Un bel pezzo di Giancarlo Tramutoli oggi su Nazione Indiana, che mi ricorda me stesso nei miei tempi di bancario. Lo riporto integralmente, proprio per ricordarmi di rileggerlo. Giancarlo (poeta lucano, ormai abituale frequentatore di queste pagine) non se ne avrà a male, credo.
“E pensare che in banca ci sono entrato vincendo un concorso da stenotipista. Una specie di stenografo elettronico. Che utilizza un pianofortino tipo Bontempi e prende accordi e acchiappa parole che poi te le metti a posto sul computer dove le hai sparate. Io che già da dieci anni scrivevo poesie. E come tutti quelli della mia generazione, sono stato massacrato dalla canzone di Venditti, quella che dice: Compagno di scuola ti sei salvato o sei finito in banca anche tu? Mentre qualche anno dopo ci si è messo pure Gino Paoli con Eravamo quattro amici al bar, che poi è vero che al bar questi parlavano di cambiare il mondo e che alla fine resta lui solo, l’anarchico poeta rivoluzionario nullafacente che uno pensa: «Ma ‘ste consumazioni come se le pagava?». Perché d’accordo che bisogna cambiare il mondo, ma quando ti fai una birra prima o poi qualcuno, anche se c’è stata la rivoluzione, il conto te lo porta.
Nel mio piccolo, dal mio privilegiato punto d’osservazione – lo sportello – ci provo “a cambiare il mondo” con approcci individuali, dando, se sono in vena, il buon esempio. Perché, come dico io, nel mio lavoro sono uno che conta. Che se ai clienti gli dai i soldi con un sorriso, una battuta e un po’ di gentilezza, quelli vanno via contenti. Che è brutto farsi sorprendere con l’aria scazzata da frustrato. Che se non hai sfondato nel campo della letteratura, i clienti, non ne hanno la minima colpa. Che forse, semplicemente, scrivi delle cagate mostruose. Che c’è sempre pure questo, di caso.

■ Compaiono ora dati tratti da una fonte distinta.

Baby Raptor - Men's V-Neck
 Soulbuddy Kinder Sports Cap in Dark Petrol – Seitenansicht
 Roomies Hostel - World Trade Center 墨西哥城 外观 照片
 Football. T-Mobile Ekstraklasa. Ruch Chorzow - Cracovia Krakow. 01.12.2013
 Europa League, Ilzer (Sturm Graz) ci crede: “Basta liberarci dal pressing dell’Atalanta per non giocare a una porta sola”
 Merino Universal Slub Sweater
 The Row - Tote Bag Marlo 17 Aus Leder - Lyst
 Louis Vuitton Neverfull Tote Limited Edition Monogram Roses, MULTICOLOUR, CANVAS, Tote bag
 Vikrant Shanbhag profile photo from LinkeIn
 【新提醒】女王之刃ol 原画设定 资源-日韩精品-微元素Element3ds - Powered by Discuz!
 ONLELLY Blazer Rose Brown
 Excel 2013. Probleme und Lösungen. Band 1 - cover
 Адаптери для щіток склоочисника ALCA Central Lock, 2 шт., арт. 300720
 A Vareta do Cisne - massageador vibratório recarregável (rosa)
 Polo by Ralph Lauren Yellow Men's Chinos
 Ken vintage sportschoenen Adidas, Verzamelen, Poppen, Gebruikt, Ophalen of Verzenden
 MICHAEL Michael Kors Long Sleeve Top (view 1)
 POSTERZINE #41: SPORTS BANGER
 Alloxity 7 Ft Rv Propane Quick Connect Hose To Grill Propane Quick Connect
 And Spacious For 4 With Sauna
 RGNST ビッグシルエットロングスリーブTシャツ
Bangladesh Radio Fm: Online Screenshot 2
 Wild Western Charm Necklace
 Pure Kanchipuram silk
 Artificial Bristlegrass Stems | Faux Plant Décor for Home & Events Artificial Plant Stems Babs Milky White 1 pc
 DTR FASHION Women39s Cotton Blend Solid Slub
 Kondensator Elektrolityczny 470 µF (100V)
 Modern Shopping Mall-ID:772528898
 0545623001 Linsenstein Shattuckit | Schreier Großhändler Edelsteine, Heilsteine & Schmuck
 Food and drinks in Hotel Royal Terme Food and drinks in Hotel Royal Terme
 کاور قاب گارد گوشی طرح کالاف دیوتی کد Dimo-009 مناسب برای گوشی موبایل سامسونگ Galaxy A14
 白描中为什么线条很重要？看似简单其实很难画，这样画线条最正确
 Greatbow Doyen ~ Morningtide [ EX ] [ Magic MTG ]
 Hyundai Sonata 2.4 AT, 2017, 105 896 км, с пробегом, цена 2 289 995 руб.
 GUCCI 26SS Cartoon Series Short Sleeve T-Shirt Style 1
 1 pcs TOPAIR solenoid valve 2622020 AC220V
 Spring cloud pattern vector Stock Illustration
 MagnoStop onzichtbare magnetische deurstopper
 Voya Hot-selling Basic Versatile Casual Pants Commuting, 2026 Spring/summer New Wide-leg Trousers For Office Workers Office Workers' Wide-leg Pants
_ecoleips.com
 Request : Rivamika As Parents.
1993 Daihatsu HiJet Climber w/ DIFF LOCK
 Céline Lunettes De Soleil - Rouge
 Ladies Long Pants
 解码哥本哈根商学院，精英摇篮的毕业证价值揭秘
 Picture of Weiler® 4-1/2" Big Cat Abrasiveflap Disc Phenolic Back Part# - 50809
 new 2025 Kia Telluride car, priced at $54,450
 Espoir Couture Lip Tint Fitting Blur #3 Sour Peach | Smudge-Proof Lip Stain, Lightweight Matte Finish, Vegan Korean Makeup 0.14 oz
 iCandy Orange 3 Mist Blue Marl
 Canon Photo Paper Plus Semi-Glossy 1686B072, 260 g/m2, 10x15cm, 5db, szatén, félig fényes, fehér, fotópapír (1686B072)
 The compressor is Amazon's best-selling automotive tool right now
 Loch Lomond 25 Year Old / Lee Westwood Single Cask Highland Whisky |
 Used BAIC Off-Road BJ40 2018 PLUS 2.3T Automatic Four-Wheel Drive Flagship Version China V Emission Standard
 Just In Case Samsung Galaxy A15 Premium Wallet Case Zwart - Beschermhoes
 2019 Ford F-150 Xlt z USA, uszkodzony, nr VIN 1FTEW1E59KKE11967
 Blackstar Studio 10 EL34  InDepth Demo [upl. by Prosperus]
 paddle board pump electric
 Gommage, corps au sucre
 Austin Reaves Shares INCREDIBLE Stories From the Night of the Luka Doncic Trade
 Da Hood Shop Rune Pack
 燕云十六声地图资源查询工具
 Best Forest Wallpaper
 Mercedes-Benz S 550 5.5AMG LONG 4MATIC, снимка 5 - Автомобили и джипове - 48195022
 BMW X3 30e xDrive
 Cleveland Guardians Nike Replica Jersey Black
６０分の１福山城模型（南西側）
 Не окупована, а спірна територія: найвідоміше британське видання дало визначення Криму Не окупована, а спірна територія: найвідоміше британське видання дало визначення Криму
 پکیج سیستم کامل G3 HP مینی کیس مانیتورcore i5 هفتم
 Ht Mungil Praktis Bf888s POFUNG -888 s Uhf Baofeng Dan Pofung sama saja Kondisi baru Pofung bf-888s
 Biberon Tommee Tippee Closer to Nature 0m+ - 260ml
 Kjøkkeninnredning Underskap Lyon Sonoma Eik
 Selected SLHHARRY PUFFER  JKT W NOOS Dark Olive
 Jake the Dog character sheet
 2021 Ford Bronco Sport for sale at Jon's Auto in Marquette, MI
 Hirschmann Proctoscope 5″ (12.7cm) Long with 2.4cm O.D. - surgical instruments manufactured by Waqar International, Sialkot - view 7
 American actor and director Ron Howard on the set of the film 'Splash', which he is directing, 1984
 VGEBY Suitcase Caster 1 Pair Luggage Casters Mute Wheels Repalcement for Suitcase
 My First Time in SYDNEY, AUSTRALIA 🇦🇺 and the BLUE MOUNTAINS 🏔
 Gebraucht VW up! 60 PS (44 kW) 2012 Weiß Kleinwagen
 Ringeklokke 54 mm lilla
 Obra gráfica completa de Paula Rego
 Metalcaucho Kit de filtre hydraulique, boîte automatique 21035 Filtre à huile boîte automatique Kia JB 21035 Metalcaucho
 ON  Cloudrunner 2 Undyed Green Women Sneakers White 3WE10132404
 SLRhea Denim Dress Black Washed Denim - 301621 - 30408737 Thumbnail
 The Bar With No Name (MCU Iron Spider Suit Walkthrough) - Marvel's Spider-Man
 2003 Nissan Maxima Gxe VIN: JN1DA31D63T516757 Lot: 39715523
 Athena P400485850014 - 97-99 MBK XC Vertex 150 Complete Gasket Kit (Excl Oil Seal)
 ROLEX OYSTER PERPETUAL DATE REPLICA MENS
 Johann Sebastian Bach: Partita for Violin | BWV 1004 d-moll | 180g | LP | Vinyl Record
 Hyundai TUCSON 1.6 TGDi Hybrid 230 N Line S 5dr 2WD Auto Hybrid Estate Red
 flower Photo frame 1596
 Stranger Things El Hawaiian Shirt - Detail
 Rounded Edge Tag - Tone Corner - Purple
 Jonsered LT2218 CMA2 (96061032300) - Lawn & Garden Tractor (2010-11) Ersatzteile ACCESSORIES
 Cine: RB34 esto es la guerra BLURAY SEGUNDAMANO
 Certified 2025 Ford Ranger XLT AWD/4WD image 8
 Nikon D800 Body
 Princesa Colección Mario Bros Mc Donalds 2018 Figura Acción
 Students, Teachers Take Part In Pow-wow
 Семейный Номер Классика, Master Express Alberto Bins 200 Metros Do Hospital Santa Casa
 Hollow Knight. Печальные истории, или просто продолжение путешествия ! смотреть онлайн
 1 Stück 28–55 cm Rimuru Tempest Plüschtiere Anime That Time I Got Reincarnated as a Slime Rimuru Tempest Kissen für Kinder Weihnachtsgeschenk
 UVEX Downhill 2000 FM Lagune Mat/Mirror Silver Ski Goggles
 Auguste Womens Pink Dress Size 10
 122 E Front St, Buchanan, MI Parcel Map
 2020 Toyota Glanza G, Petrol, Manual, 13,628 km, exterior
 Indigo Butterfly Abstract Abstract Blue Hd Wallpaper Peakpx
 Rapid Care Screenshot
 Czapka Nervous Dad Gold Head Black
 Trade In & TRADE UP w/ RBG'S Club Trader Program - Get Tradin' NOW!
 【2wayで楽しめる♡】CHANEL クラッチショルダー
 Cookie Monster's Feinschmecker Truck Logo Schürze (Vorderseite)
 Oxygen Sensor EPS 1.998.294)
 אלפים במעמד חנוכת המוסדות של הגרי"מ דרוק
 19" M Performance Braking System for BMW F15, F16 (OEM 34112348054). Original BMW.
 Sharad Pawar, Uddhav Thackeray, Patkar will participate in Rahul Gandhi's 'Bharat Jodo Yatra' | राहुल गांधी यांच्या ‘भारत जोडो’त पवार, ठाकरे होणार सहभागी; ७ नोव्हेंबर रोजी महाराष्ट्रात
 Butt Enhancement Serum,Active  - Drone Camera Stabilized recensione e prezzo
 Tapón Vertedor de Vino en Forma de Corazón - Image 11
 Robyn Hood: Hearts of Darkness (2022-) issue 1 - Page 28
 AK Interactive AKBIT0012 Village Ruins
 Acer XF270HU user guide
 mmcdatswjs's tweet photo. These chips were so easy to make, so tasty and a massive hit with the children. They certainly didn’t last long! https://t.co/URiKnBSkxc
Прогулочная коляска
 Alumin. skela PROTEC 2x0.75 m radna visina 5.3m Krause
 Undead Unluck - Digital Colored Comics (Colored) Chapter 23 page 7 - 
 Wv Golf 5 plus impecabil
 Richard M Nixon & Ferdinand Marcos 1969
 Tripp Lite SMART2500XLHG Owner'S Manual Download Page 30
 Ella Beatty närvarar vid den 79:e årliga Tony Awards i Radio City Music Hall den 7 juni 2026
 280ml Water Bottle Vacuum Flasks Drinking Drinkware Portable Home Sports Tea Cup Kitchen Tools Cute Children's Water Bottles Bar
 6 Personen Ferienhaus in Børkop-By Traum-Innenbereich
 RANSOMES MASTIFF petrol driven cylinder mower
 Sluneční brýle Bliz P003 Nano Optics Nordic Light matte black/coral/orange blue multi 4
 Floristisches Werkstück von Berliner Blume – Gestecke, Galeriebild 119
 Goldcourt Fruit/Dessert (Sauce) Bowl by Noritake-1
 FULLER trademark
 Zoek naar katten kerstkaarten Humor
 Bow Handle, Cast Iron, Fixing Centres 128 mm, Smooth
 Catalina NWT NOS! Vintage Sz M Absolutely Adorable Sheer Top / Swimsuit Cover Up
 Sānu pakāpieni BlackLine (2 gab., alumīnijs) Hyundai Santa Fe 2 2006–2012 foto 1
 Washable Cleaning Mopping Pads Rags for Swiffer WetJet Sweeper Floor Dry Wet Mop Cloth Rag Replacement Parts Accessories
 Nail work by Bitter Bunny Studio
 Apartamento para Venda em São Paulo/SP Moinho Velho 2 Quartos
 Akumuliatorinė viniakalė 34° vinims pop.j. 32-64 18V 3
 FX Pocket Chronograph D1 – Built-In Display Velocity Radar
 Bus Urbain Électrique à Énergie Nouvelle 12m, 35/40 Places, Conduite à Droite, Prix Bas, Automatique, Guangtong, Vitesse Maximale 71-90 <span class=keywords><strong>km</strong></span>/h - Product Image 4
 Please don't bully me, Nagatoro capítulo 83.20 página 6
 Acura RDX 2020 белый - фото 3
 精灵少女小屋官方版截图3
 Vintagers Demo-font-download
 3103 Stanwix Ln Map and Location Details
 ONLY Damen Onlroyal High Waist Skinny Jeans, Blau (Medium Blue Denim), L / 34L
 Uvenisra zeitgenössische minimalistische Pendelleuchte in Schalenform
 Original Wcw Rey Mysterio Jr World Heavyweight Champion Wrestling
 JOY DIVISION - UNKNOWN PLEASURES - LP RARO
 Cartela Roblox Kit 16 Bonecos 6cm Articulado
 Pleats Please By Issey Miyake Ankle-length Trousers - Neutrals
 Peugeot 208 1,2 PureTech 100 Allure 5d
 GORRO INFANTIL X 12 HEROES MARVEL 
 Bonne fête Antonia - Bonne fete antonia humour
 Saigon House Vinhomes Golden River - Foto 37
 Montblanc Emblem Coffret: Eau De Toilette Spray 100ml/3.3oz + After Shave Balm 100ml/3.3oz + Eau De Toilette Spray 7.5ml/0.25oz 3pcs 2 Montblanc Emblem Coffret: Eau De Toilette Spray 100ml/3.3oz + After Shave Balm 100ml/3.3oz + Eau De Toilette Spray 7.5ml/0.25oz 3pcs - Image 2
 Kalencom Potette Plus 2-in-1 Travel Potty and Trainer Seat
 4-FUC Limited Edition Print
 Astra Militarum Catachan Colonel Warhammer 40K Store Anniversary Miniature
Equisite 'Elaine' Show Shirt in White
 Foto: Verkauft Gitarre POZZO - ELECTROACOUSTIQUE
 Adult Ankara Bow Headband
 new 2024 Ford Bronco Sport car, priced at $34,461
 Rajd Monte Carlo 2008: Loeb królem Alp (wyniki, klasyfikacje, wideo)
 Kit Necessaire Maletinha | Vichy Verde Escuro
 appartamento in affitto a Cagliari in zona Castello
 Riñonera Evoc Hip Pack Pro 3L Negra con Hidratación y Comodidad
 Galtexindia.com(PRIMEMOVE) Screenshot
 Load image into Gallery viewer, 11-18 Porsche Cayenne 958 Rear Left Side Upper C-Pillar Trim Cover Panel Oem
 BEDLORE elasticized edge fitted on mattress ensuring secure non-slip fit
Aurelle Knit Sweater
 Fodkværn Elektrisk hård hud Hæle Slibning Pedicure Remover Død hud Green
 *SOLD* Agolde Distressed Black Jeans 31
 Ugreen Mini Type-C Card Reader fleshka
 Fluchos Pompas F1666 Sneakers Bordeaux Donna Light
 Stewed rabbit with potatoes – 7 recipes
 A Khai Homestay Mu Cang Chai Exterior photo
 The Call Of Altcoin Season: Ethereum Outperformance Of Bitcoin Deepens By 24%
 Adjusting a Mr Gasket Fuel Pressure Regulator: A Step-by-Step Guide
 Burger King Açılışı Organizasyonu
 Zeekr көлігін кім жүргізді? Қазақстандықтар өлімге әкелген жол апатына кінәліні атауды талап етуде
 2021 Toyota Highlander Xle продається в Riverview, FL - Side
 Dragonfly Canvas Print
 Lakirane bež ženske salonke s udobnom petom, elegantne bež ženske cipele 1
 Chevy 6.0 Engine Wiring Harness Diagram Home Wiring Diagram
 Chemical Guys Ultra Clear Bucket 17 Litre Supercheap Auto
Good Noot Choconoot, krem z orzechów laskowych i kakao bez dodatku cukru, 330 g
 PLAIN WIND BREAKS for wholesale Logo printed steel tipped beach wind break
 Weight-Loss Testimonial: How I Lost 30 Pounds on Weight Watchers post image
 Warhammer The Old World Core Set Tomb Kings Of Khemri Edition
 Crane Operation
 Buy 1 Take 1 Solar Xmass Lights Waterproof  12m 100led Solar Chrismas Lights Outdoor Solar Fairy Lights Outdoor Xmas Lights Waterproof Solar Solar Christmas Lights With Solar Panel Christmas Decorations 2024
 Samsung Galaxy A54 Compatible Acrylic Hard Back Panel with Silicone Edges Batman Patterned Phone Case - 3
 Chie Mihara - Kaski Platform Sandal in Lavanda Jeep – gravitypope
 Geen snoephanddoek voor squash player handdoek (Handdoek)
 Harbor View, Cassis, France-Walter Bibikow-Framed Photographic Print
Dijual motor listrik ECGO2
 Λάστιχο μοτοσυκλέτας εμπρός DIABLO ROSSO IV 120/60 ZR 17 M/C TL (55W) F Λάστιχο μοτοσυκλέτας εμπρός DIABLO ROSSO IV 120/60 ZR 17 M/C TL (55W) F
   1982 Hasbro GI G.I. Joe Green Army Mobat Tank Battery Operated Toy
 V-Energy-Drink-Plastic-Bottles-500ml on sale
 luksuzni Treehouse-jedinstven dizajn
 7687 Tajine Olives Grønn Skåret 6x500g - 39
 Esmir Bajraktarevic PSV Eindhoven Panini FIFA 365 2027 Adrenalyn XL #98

E allora meglio ridere e scherzare, se ti viene, che poi ti scelgono, che preferiscono una fila più lunga per venire da te. Che sono soddisfazioni pure queste. Quando t’incontrano per strada – e in una città piccola come la mia prima o poi li incontri di sicuro – è bello che non pensino di te cose del tipo: «Guarda quel brutto stronzo sempre incazzato che se la piglia col mondo circostante solo perché fa un lavoro che non gli piace».
C’è solo un problema. Che tutta questa affezione mi fa lavorare il doppio. Che penso che c’aveva proprio ragione quello lì che disse che ognuno uccide ciò che ama. Che a me tutti ‘sti clienti affezionati ogni giorno mi fanno tornare a casa sempre più stremato. Che alla fine, quando da una cassa sarò passato all’altra, manco più si ricorderanno che io ero una specie di prigioniero politico, un dissociato, uno che scriveva poesie. Diranno semplicemente: «Ti ricordi quel cassiere simpatico? Be’, è morto. Peccato. Era il più veloce».”
E comunque, di Giancarlo, riparleremo presto.